Vhive

Vhive, operating as Vhive Retail Furniture Chain, is a Singapore-based retail entity specializing in furniture sales. The company serves customers through its physical and presumably online retail channels, positioning itself within the competitive home furnishings market of Singapore. Its operational scope is centered on the direct sale of furniture products to consumers, though specific product categories or additional service lines are not detailed in available records. The organization's public profile is notably defined by a significant cybersecurity incident rather than by disclosed details of its commercial scale, market share, or unique business competencies beyond its core retail function. No explicit information regarding its ownership structure, parent company, or subsidiary status is provided in the source material.

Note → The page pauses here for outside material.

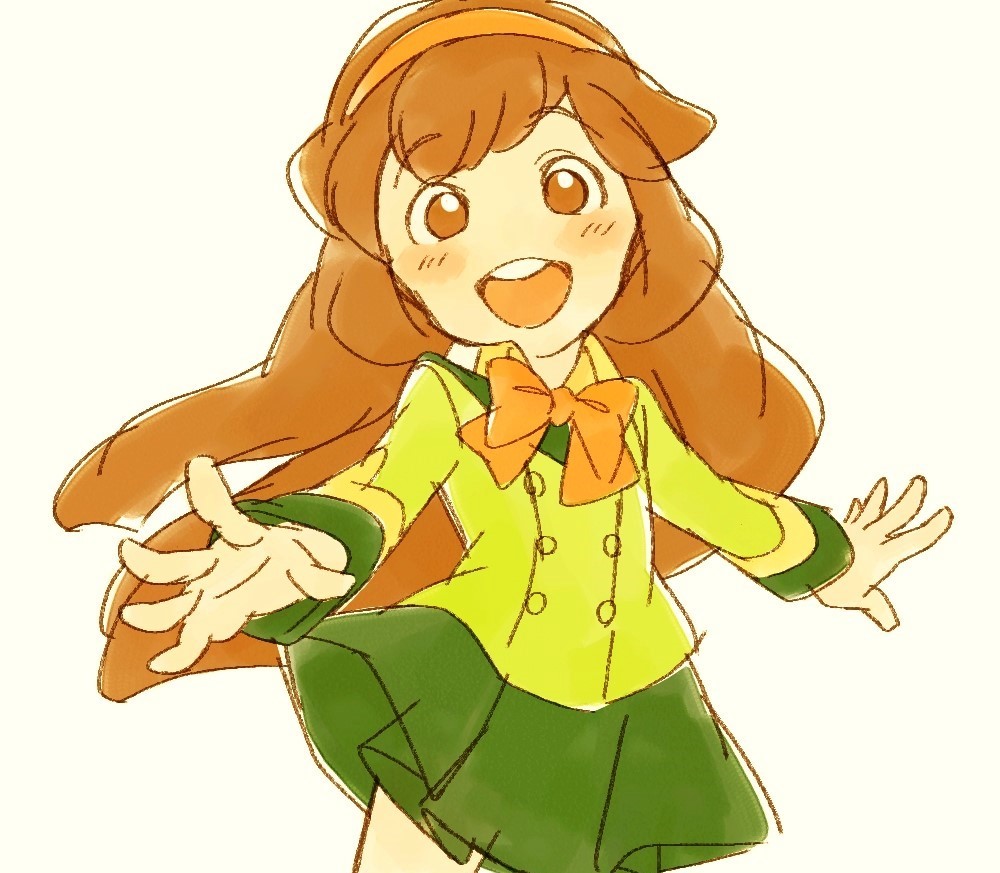 1girl, blush, brown_eyes, brown_hair, cosplay, cotoco_(kuuuman), cowboy_shot, danball_senki_wars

The organization's most documented public event occurred on March 21, 2021, when it suffered a breach attributed to the ALTDOS threat group. This incident involved unauthorized network access and a double extortion strategy, where data was both stolen and systems were encrypted. The breach resulted in the exposure of over 300,000 customer records, including transactional and payment documentation, though sources indicate that national identification numbers and direct financial data were reportedly unaffected. Following the initial intrusion, Vhive restored operations using existing data backups. However, the company allegedly failed to remediate critical security vulnerabilities that facilitated subsequent attacks. These follow-on incidents included the exfiltration of proprietary source code and the encryption of server files. The threat actors provided evidence of their compromise through video recordings showing directory access and redacted database extracts. The encryption method observed suggested the potential use of AES-256, differing from conventional ransomware payloads. This sequence of events highlights a prolonged security failure where initial recovery did not translate into robust vulnerability management, leading to repeated compromise and significant data loss.